Good science, like good religion, are about the same thing, humbly seeking, discovering, and understanding Truth. Bad science and bad religion are also about the same thing, curating a set of carefully selected facts and narratives that create a reality consistent with how we wish to view the world.
Every semester that I teach graduate econometrics at the University of San Francisco, a Jesuit Catholic university, I start with a lecture about Truth. You cannot be a good scientist unless you love Truth. To be a good scientist, your love of Truth must be greater than your love of making new discoveries, publishing research articles, or any other goal of your research.
Science is about discovering the nature of those Truths out there that indeed exist. In most scientific fields like my own, it is about discovering and utilizing scientific tools to obtain estimates of the Truth that are unbiased and as precise as possible. Somewhere out there, there does exist an average effect of immigration on non-immigrant Americans. There does exist an average impact of foreign investment on people in developing countries. There does exist an impact of human activity on global climate change.
The irony of scientific estimations of these phenomena is that, while good studies use techniques that produce an unbiased estimate of the effect of A on B, statistically speaking these estimates are virtually always wrong. But if they are unbiased, with an increasingly large sample size, the scientific estimate will converge closer and closer to the Truth about the relationship.
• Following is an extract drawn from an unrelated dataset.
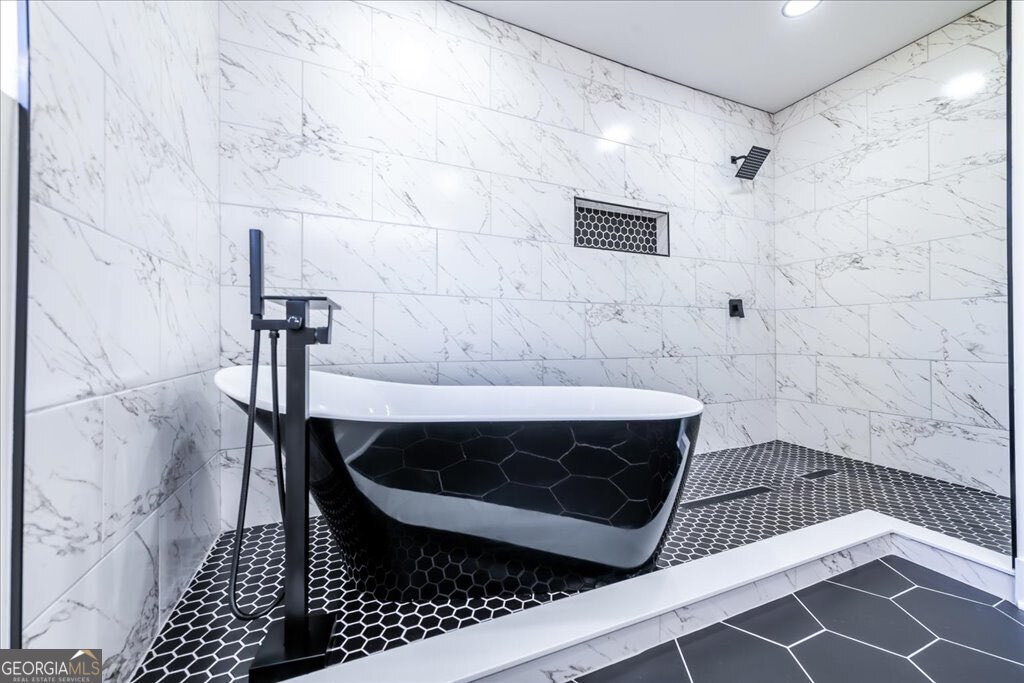 968 Bruce Circle Atlanta - 15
But the irony is that while the best scientific analysis of data is almost never true in the strict sense, it typically offers a more meaningful understanding of the world than the individual narrative, which may be 100 percent true, but a misleading outlier. This is one reason why some have argued that watching the news actually makes people dumber. It is because to attract viewers, the news focuses on outliers, strange happenings, and outlandish events, because this is what makes these things, well…news. And while most of these accounts aren’t rightly put into the category of fake news, they also deceive us in our understanding of the world, which is better captured by reports of statistical averages. However, because reports of statistical averages are boring compared to outlandish stories and events, the latter make up the greater fraction of our news.
Unfortunately, a focus on the personal narrative, the anecdote, the outlandish, and the outlier have also attached deep roots into academia, principally although not exclusively, in the soft social sciences. I refer to those academics in colleges of Arts & Sciences across the country whose work is neither art nor science. It is an academic effort that is not primarily directed to understanding what is true, but instead devotes itself to marshaling a series of well-articulated anecdotes in support of a foregone conclusion that is consistent with the researcher’s social and political views. No better than some of today’s politicians, these academics appear to have listened carefully to their 9th grade English teacher, who told them to write their papers with a thesis sentence and three “real good” supporting statements. For 9th grade this is fine; the problem is an inability to move past this.
The crafting of carefully selected anecdotes into a narrative of how the world works is scorned by serious researchers, but it can powerfully influence the thinking of students, people on social media, and even some in the real media. There is a fine line, or perhaps no line at all, between this kind of biased academic work and narratives carefully culled by politicians to stir up voters and win votes.
Fake news and bogus narratives are bad, but often can be easy to disprove. It may be the deceptive use of true ones we should worry about more.